[Data Boundary: Start]

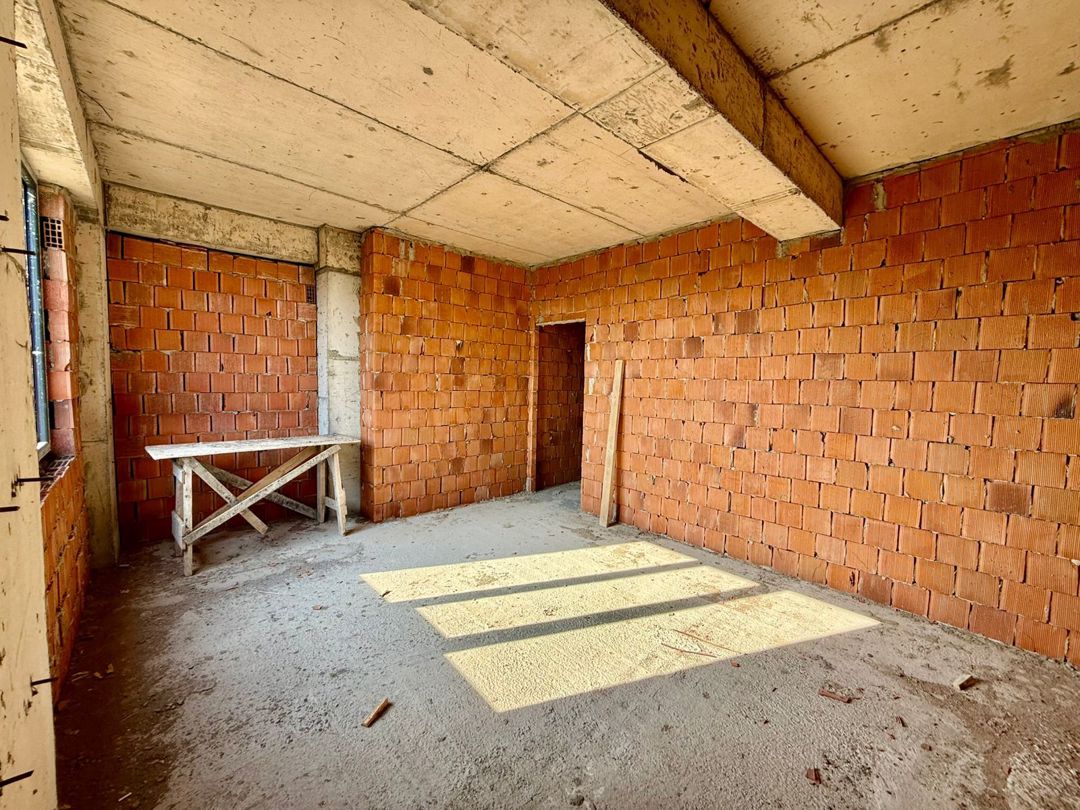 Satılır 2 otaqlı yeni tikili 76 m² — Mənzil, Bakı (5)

[Data Boundary: End]
[Data Boundary: Start]

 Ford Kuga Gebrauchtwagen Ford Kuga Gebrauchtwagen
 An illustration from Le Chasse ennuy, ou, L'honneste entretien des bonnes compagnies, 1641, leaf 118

[Data Boundary: End]

### Task to complete
I'd like the lines above from the one with "Ford Kuga Gebrauchtwagen Ford" up to and including the one with "An illustration from" copied exactly, with no other lines.

### Exercise result
 Ford Kuga Gebrauchtwagen Ford Kuga Gebrauchtwagen
 An illustration from Le Chasse ennuy, ou, L'honneste entretien des bonnes compagnies, 1641, leaf 118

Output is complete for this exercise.